+++ RECORDS PROVIDED
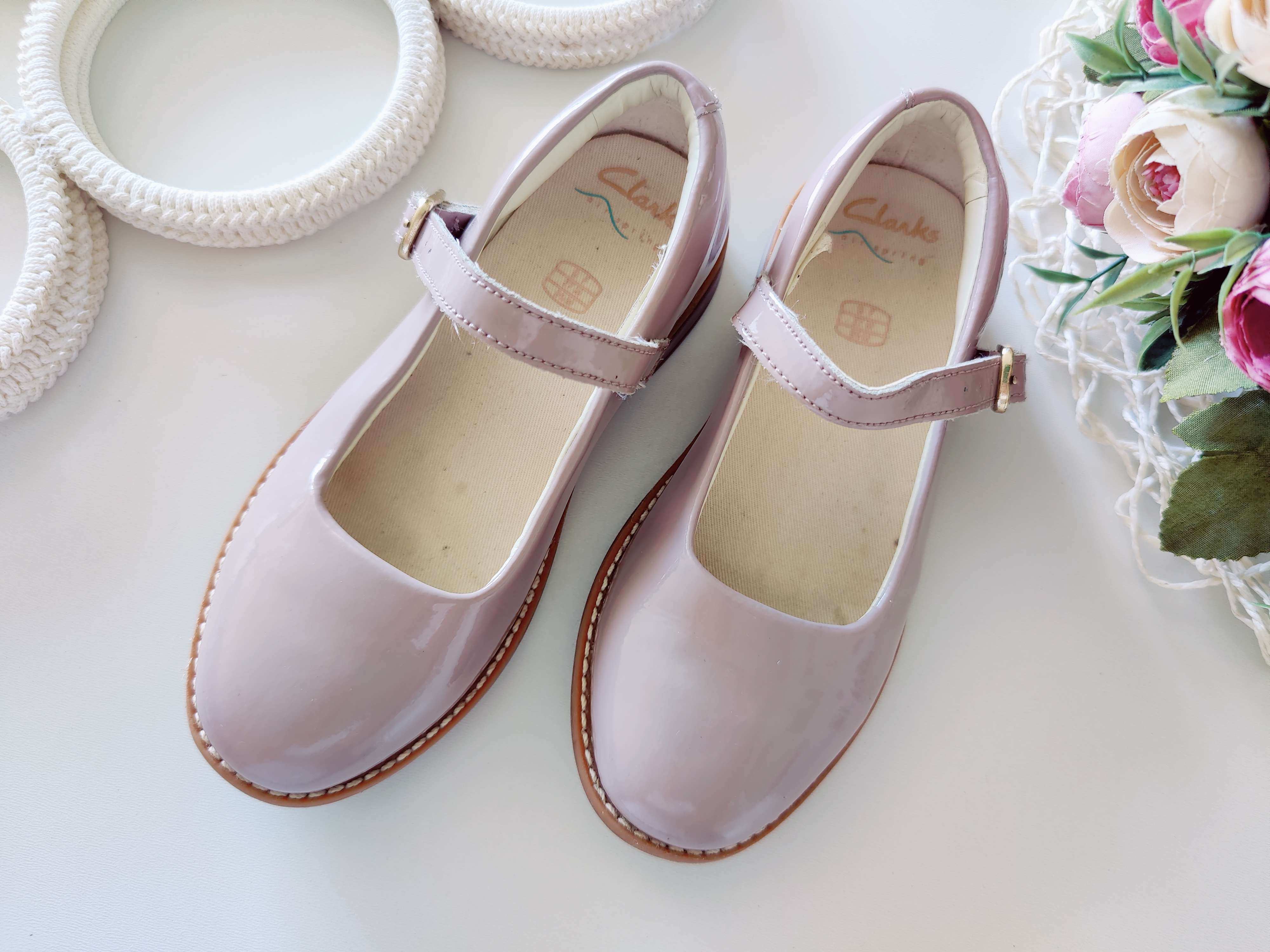 27 (17,5 см) Кожаные лаковые туфли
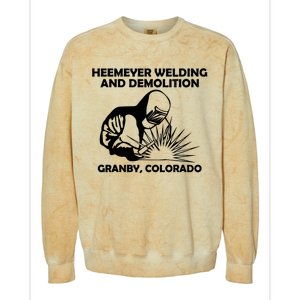 Heemeyer Welding And Demolition Grandby Colorado Colorblast Crewneck Sweatshirt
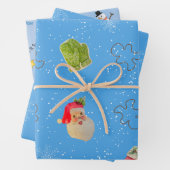 Snowman, Santa wrapping paper ラッピングペーパーシート (インサイチュ)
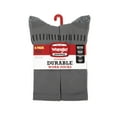 thumbnail image 4 of Wrangler Men's Ultimate Durable Work Socks, Crew Socks for Men, Grey, 6 Pack, 4 of 6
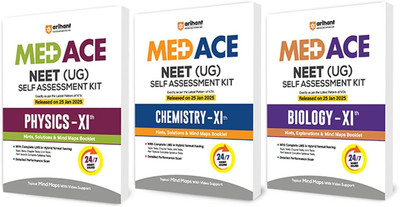 Arihant Med Ace Neet (Ug) Self Assessment Kit Physics ,Chemistry, Biology for Class 11th with Complete Hybrid LMS, Mindmaps, Topical Videos, Doubt Solver, Ai Rank Prediction Total 238 Test as Per Latest Nta Pattern(English, Paperback, Bisht Rakhi)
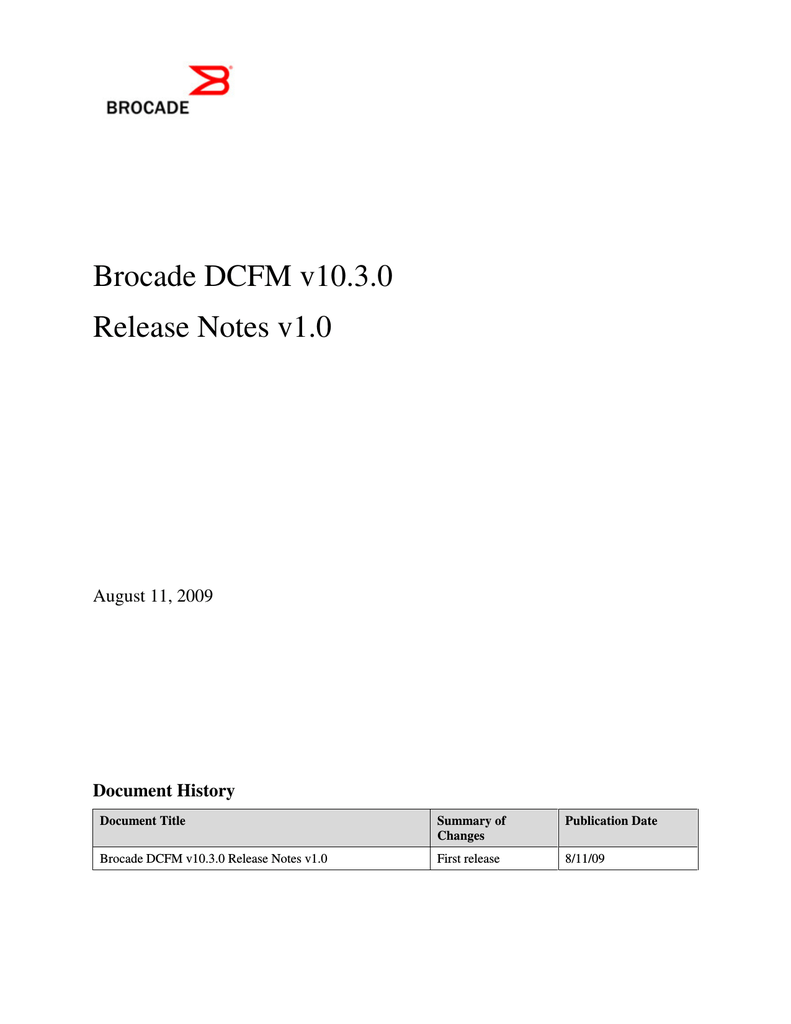 brocade dcfm brocade dcfm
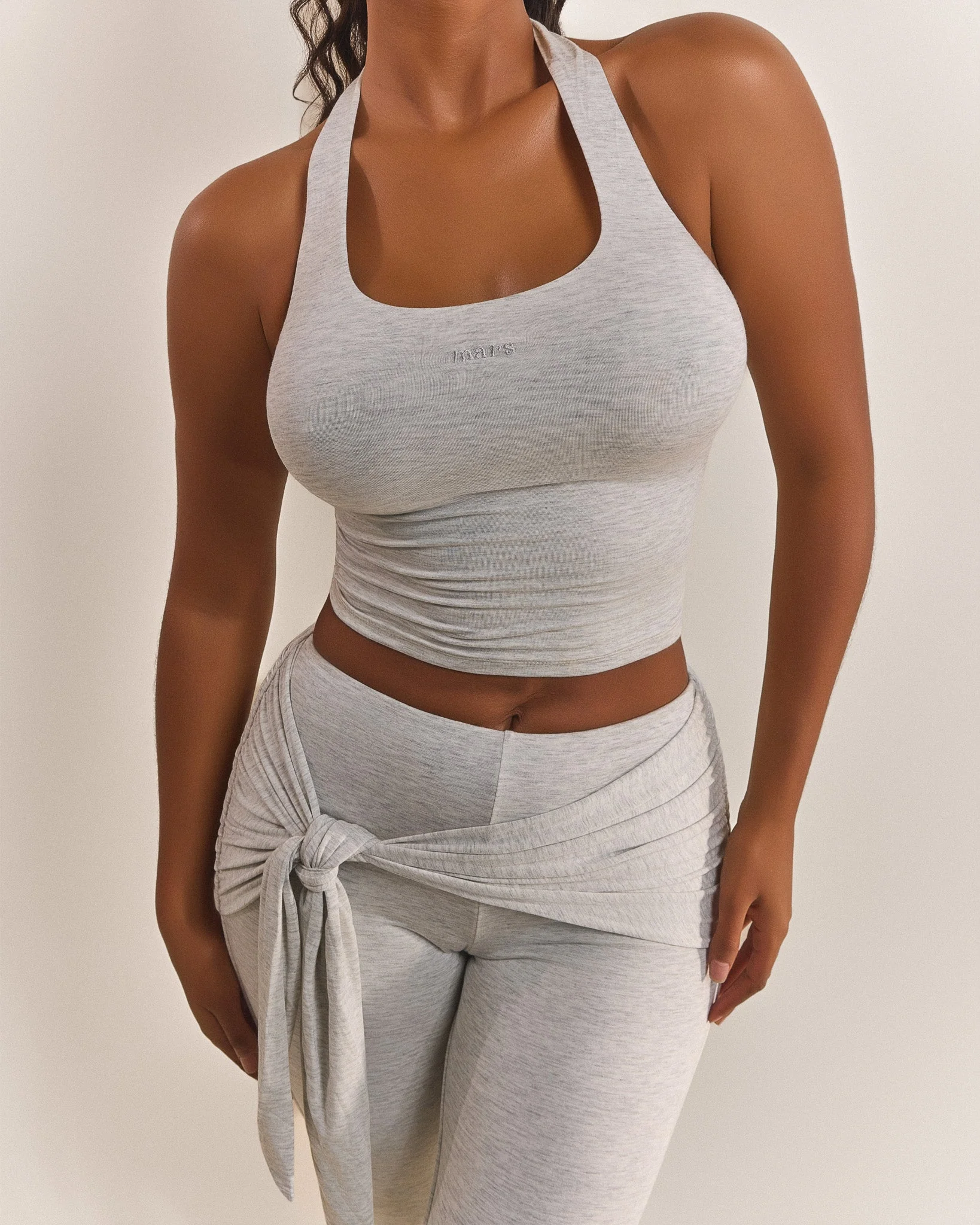 The Halter Vest in Grey Marl - Image 5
++++++
INSTRUCTIONS TO FOLLOW: Set down the material above word for word and skip its pictures.

TASK RESULT:
 27 (17,5 см) Кожаные лаковые туфли
 Heemeyer Welding And Demolition Grandby Colorado Colorblast Crewneck Sweatshirt
 Snowman, Santa wrapping paper ラッピングペーパーシート (インサイチュ)
 thumbnail image 4 of Wrangler Men's Ultimate Durable Work Socks, Crew Socks for Men, Grey, 6 Pack, 4 of 6
 Arihant Med Ace Neet (Ug) Self Assessment Kit Physics ,Chemistry, Biology for Class 11th with Complete Hybrid LMS, Mindmaps, Topical Videos, Doubt Solver, Ai Rank Prediction Total 238 Test as Per Latest Nta Pattern(English, Paperback, Bisht Rakhi)
 brocade dcfm brocade dcfm
 The Halter Vest in Grey Marl - Image 5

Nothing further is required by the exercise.